7

I regularly use dask.dataframe to read multiple files, as so:

import dask.dataframe as dd

df = dd.read_csv('*.csv')

However, the origin of each row, i.e. which file the data was read from, seems to be forever lost.

Is there a way to add this as a column, e.g. df.loc[:100, 'partition'] = 'file1.csv' if file1.csv is the first file and contains 100 rows. This would be applied to each "partition" / file that is read into the dataframe, when compute is triggered as part of a workflow.

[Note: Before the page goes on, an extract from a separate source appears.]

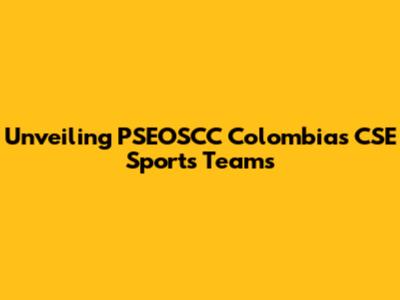 Unveiling PSEOSCC Colombia's CSE Sports Teams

The idea is that different logic can then be applied depending on the source.

jpp
  • 159,742
  • 34
  • 281
  • 339
  • 3
    You may want to look at this example building a custom reader using dask.delayed: https://gist.github.com/mrocklin/e7b7b3a65f2835cda813096332ec73ca – MRocklin Feb 14 '18 at 20:12

2 Answers2

8

Dask functions read_csv, read_table, and read_fwf now include a parameter include_path_column:

include_path_column:bool or str, optional
Whether or not to include the path to each particular file.
If True a new column is added to the dataframe called path.
If str, sets new column name. Default is False.
PeterVermont
  • 1,922
  • 23
  • 18
4

Assuming you have or can make a file_list list that has the file path of each csv file, and each individual file fits in RAM (you mentioned 100 rows), then this should work:

import pandas as pd
import dask.dataframe as dd
from dask import delayed

def read_and_label_csv(filename):
    # reads each csv file to a pandas.DataFrame
    df_csv = pd.read_csv(filename)
    df_csv['partition'] = filename.split('\\')[-1]
    return df_csv

# create a list of functions ready to return a pandas.DataFrame
dfs = [delayed(read_and_label_csv)(fname) for fname in file_list]
# using delayed, assemble the pandas.DataFrames into a dask.DataFrame
ddf = dd.from_delayed(dfs)

With some customization, of course. If your csv files are bigger-than-RAM, then a concatentation of dask.DataFrames is probably the way to go.

kingfischer
  • 408
  • 2
  • 13